In March of 1983, Reagan labeled the USSR an “evil empire” in a speech before the National Association of Evangelicals. It shocked Soviet leaders, including General Secretary Yuri Andropov, who feared it may be a pretext to aggression (Ambinder, 2018; Downing, 2018). Two weeks later Reagan unveiled the Strategic Defense Initiative (SDI) in a nationally televised address. SDI is a paradigmatic example of crackpot realism. It was formally rational within cloistered, elite circles but substantively irrational and destabilizing at a broader register. The plan was to employ space-based lasers to intercept in-coming ICBMs, but it was so technologically ambitious as to border on science fiction. Soviet officials were uncertain as to the feasibility of SDI, however, and feared the Americans might know something they did not (Gaddis, 2005). Despite Reagan’s insistence that it was a purely defensive measure, Soviet leaders feared that it made an American first strike more likely as it could be employed to limit a counterstrike (Adamsky, 2013; Ambinder, 2018).
Placing missiles in West Germany, announcement of the SDI, and Reagan’s bellicose posture undercut a fragile balance as deterrence is predicated upon the assurance of reciprocity. It illustrates the expansionary pressures derived of a resolute military worldview and a narrowing of alternative policy options. As Mills noted two decades earlier, “In short, war or a high state of war preparedness is felt to be the normal and seemingly permanent condition of the United States” (Mills, 1956: 184).
On September 1, 1983, Russian air defenses detected an aircraft heading toward a sensitive naval installation. Over the previous 2 years American and NATO pilots periodically raced toward Soviet air space and then turned away at the last moment or made “probing” incursions to gather intelligence and test air defense readiness (Jones, 2016). Routine airspace violations exemplified a crackpot realism without regard for the longer-term implications and perpetuation of mistrust. This time, however, the aircraft maintained its errant flight path even after being intercepted by Russian fighter jets which, after attempting to contact the flight crew, shot it down. Korean Air Lines (KAL) flight 007 veered off course traveling from Anchorage, Alaska to Seoul, South Korea. Two hundred sixty-nine people died. In a nationally televised address Reagan insisted it was an intentional “act of barbarism” (Reagan, 1983), even though U.S. intelligence quickly concluded it was a tragic mistake and he was briefed on this assessment (Dallin, 1985; Downing, 2018). Given Reagan’s response, Soviet leadership feared the incident may serve as the pre-text for military aggression (Pry, 1999).

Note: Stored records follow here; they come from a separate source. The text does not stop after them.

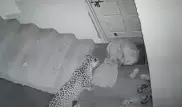 Охота леопарда на собаку попала на камеру наблюдения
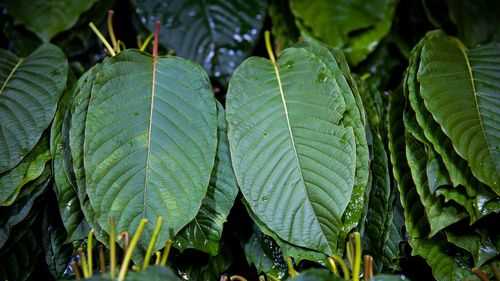 DEA moves to ban kratom-related compounds sold in consumer products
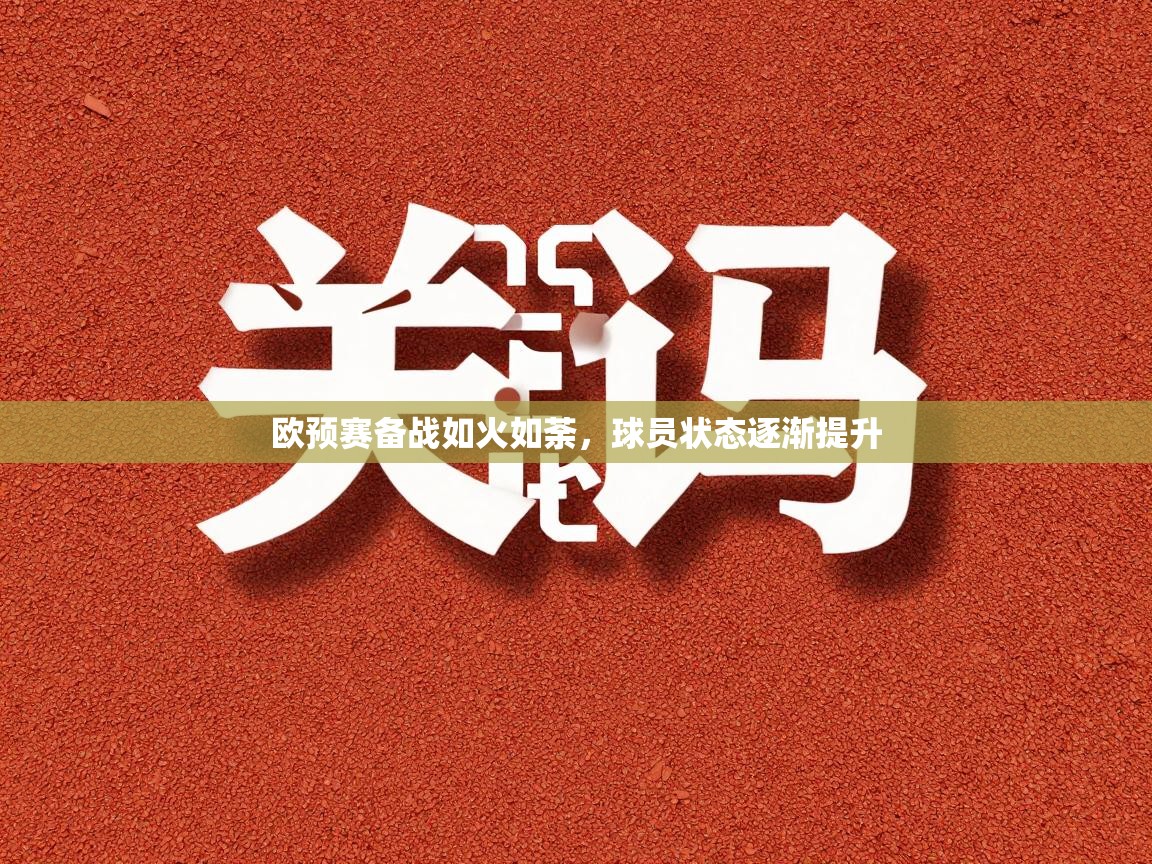 欧预赛备战如火如荼，球员状态逐渐提升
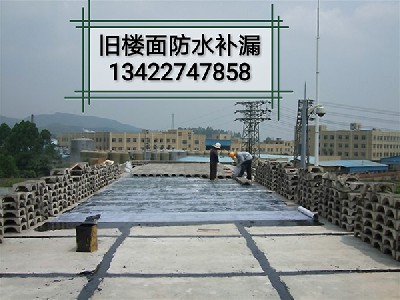 防水补漏工程 (2)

Three weeks after the KAL disaster, on September 26, 1983, the Soviet early warning system detected in-bound missiles. Lieutenant Colonel Stanislav Petrov confronted a classic normal accident scenario in which trivial anomalies within a complex system threatened to trigger a reverberating sequence of events. He “saved the world” when he notified his superiors it was a malfunction in a system that Soviet dogma dictated was glitch-free (Downing, 2018). Inadvertent escalation is more probable within a context of heightened tensions among adversaries, and Reagan’s aggressive stance toward the Soviet Union laid the foundation for a normal accident, although neither he nor officials in his administration understood this at the time (Adamsky, 2013; Jones, 2016). By September of 1983, the confrontation between the U.S. and Soviet state apparatus was complex and tightly coupled such that further novelty and surprise could generate a cascading sequence of events propagating quickly.

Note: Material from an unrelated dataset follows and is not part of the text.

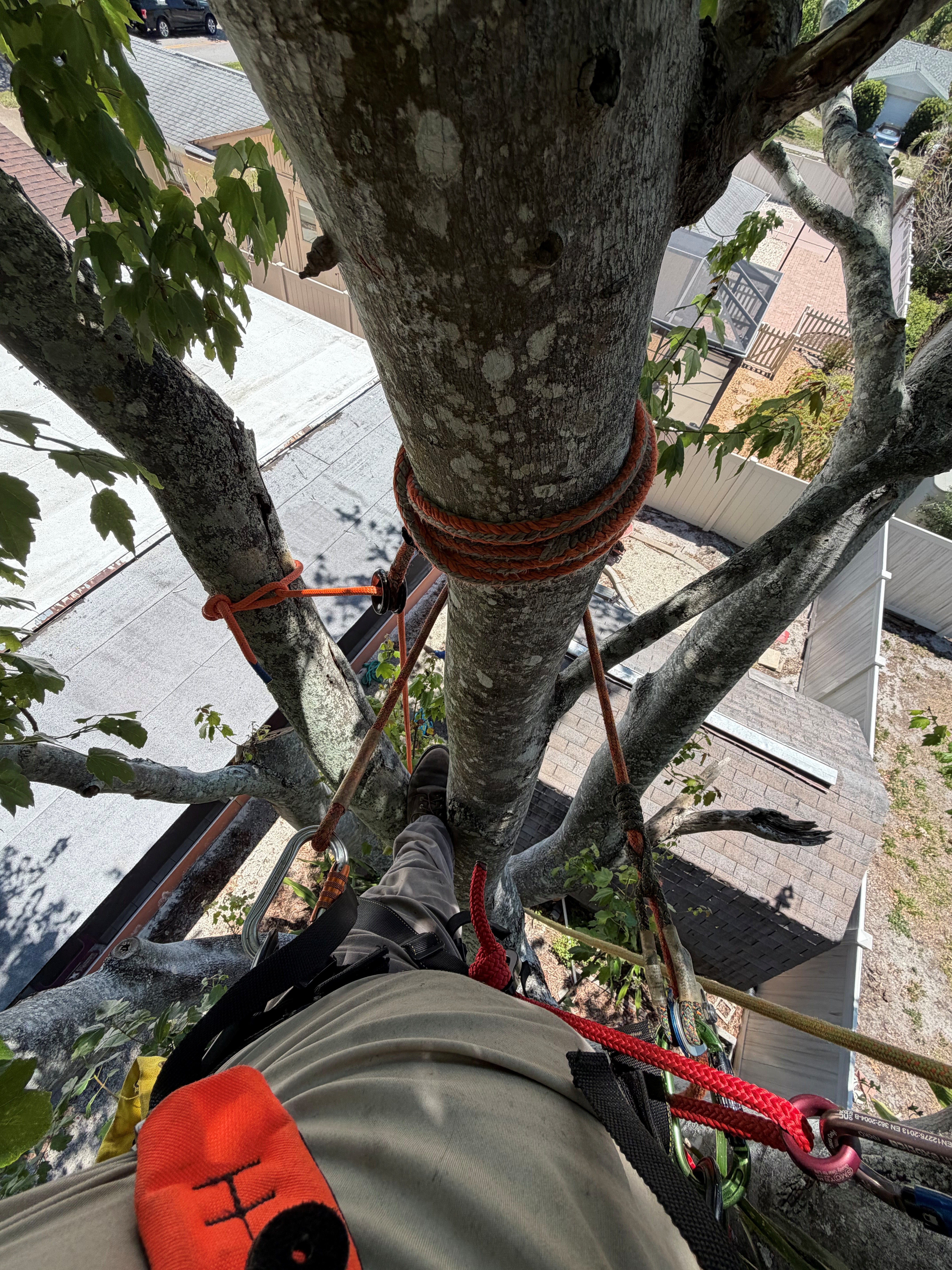  for Damian’s Tree Care in Sarasota, FL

On October 23, 1983, suicide bombers tied to Iranian-backed Islamist militants killed 241 Marines in Beirut, Lebanon, and U.S. military bases worldwide adopted a heightened state of alert. Soviet leadership did not make the connection between the bombing and the alert—anticipating the latter was a prelude to military engagement (Adamsky, 2013; Downing, 2018). Two days later, U.S. military personnel landed on the island of Grenada to overturn the fledgling communist government. British Prime Minister Margaret Thatcher had not been advised beforehand, and the invasion was met with a flurry of communication between the Reagan and Thatcher administrations. Soviet political and military leaders did not make the connection—suspecting increased communications may be a prelude to NATO aggression (Downing, 2018).
Seemingly unconnected events over the preceding months contributed to an exceptional Soviet response to a NATO military exercise between November 7 and 11, 1983. Able Archer tested communication systems among NATO countries. Messages were relayed according to a script in which conflict intensified before culminating in the rehearsal of procedures necessary for the launch of nuclear weapons against the Warsaw pact. Able Archer did not entail troop mobilization, but many Soviet political and military leaders nonetheless anticipated it was a ruse (Jones, 2016; Pry, 1999). In Eastern Europe, tanks and troops adopted battlefield positions, bombers were placed on stand-by, naval vessels prepared for an attack, and submarines with nuclear-tipped ballistic missiles sought cover under the arctic ice (Adamsky, 2013; Pry, 1999).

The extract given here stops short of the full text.